Ele estava perdido, mas em seu íntimo sabia que não estava em um lugar qualquer, eram decks e não andares, assim como sabia que o que tinha nas paredes eram números e letras. Não sabia onde estava e para dizer a verdade nem mesmo tinha certeza de quem era. Estava para dizer isso à loira com que conversava quando outra mulher, uma oriental de cabelos curtos e roupas apertadas que lhe modelava o corpo parou à frente deles.
– O que está acontecendo aqui oficial?
Nadzjia reconheceria a voz da chefe da área médica em qualquer lugar.
– Nada de mais comandante Scira – disse segurando corajosamente a mão do homem à sua frente.
Scira Ishida sorriu para o homem e lhe mostrou o tablet. Ele olhou o equipamento e perguntou a ela se estava tudo em ordem, tendo um aceno de cabeça como resposta. Disse que se veriam em breve na reunião, cumprimentou Nadzjia e saiu satisfeita.
Nadzjia sorriu, pegou gentilmente o homem pelo braço e continuou andando, agora na direção para onde ele caminhava anteriormente. Iria para onde ele quisesse, pensou percebendo o olhar interessado de outros tripulantes por quem passavam no corredor.
– O senhor quer ir para onde?
Adamastor Conti acordou lentamente, sentou-se na cama e olhou em volta. À esquerda uma porta no fim de um curto corredor, e uma cadeira – que aparentava ser bastante desconfortável pelo formato – e uma espécie de mesa pequena com rodinhas embaixo, um controle de elevação com prato e copo tinham a comida coberta por filme plástico, aparentemente não mexidos. À direita viu uma série de equipamentos médicos, dos quais identificou um par e mesmo assim teve a impressão de serem muito “modernos”. Apertou os olhos e sentiu-os queimar, olhou as mãos e passou-as pelo rosto, em seguida olhou as pernas e os pés. Estava seminu, vestindo apenas uma camisola de hospital.
Começou a retirar um a um os fios que o ligam ao monitor, até ouvir o alarme, tentou firmar os pés no chão, mas as pernas dobraram e ele desabou no chão.
– O que está fazendo sr. Conti? – Perguntou um homem vestido de calça e blusa azuis que irrompera pelo quarto, perto da porta. Dois enfermeiros estavam junto a ele e entram rápido no quarto ajudando o médico, dr. Tomas Melo, a levantar o paciente.

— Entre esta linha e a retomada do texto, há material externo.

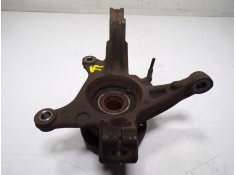 Recambio de mangueta delantera derecha para dacia lodgy 1.5 dci diesel fap cat referencia OEM IAM 400143629R  8200308650 2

– Pronto doutor – disse um deles após uma tentativa frustrada de deitar o paciente.
– O que está fazendo, sr. Conti? Perdeu o Juízo? Já não conversamos sobre o senhor sair desta cama? Está muito fraco – disse o médico calçando o par de sapatilhas no paciente – vou mandar alguém pegar uma cadeira de rodas.
– Obrigado doutor – Adamastor Conti sabia que já havia visto aquele rosto, aquele homem. O conhecia de algum lugar. Por instantes o som do equipamento chamou-lhe a atenção e ele se virou na direção da tela do monitor. Seis linhas retas atravessavam a tela de lado a lado. Estava morto? Claro que não, mas que idiota, pensou, apenas estava desligado do monitor.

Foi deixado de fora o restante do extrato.